Data excerpts:
= Beginning of Section =
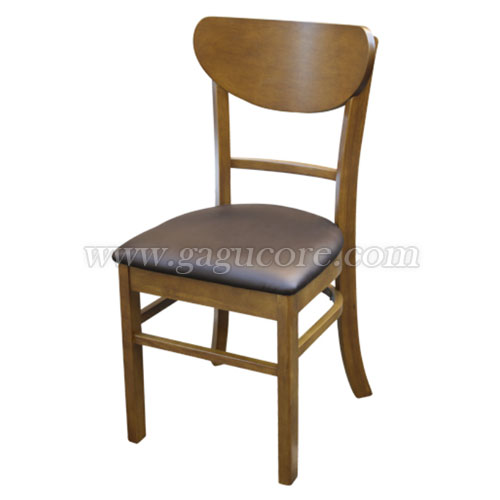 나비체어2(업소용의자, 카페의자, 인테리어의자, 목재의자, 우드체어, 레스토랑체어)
= End of Section =
= Beginning of Section =
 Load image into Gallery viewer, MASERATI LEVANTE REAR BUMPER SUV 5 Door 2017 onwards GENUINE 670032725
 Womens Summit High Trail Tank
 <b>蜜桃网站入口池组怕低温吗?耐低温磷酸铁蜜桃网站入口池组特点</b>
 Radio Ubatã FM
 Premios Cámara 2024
= End of Section =
Everything starting at the line containing "Womens Summit High Trail Tank" and ending at the line containing "Premios Cámara 2024" in the records above should be repeated exactly, and only that.

Solution:
 Womens Summit High Trail Tank
 <b>蜜桃网站入口池组怕低温吗?耐低温磷酸铁蜜桃网站入口池组特点</b>
 Radio Ubatã FM
 Premios Cámara 2024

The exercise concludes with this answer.